START Information supplied

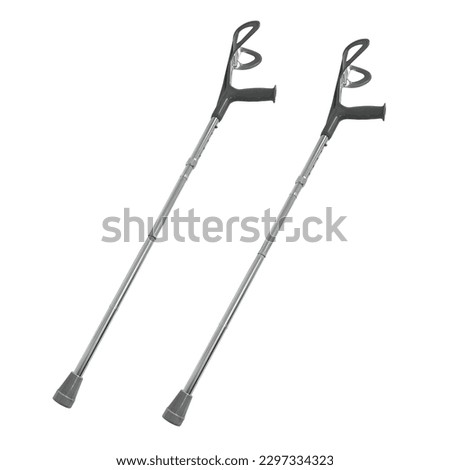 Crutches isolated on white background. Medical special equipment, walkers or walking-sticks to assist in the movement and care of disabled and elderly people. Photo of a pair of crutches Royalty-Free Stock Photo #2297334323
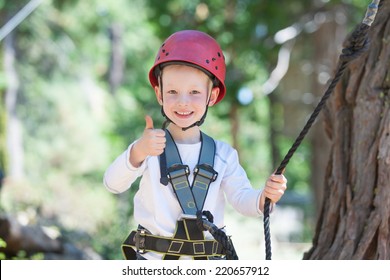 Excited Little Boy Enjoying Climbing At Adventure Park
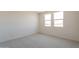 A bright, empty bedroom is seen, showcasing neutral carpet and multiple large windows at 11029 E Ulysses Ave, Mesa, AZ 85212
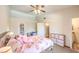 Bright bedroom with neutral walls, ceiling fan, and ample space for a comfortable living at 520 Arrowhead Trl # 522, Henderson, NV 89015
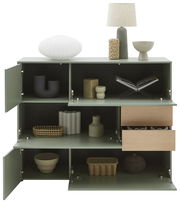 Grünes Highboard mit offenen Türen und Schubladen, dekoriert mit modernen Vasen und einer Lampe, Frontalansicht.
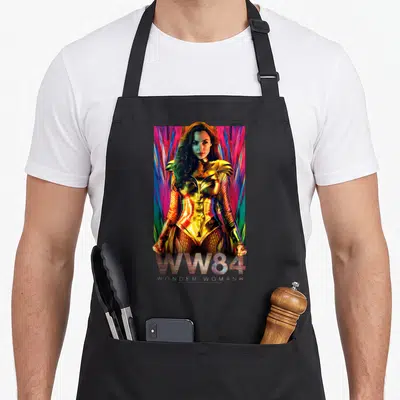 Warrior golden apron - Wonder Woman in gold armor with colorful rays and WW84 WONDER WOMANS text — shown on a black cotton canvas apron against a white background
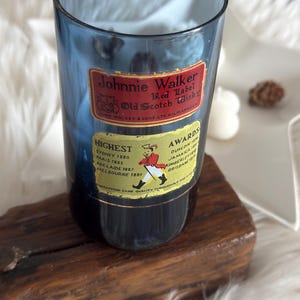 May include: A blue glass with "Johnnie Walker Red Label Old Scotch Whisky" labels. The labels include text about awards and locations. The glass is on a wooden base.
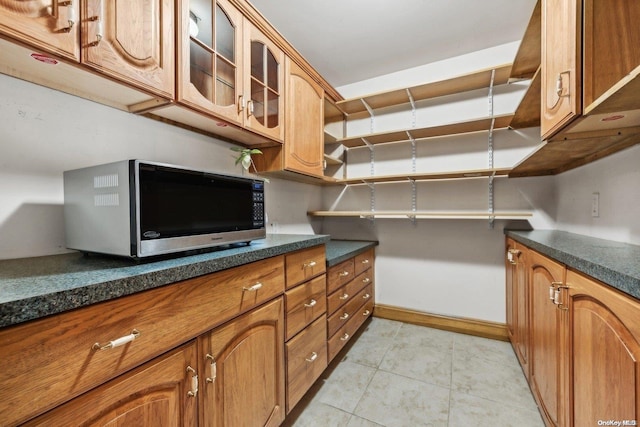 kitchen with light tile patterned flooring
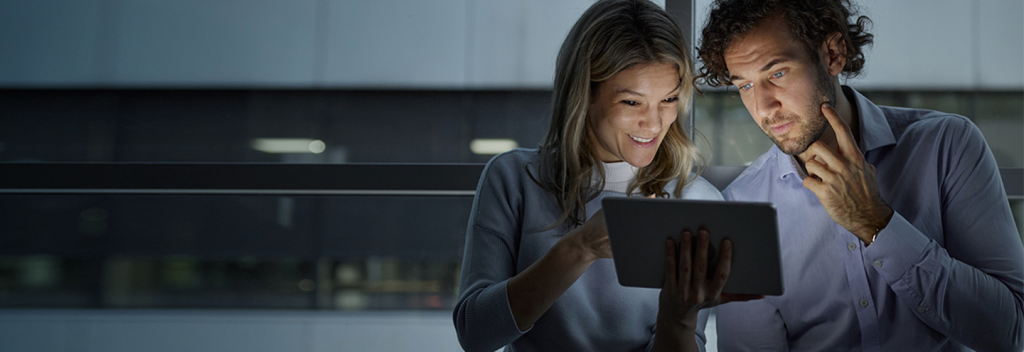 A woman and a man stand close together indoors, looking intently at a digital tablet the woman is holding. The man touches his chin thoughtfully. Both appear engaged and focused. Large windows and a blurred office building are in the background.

END Information supplied

To do: Leave the pictures out and repeat exactly the lines from the beginning of the records to the line bearing "Excited Little Boy", both ends counted.

Your solution:
 Crutches isolated on white background. Medical special equipment, walkers or walking-sticks to assist in the movement and care of disabled and elderly people. Photo of a pair of crutches Royalty-Free Stock Photo #2297334323
 Excited Little Boy Enjoying Climbing At Adventure Park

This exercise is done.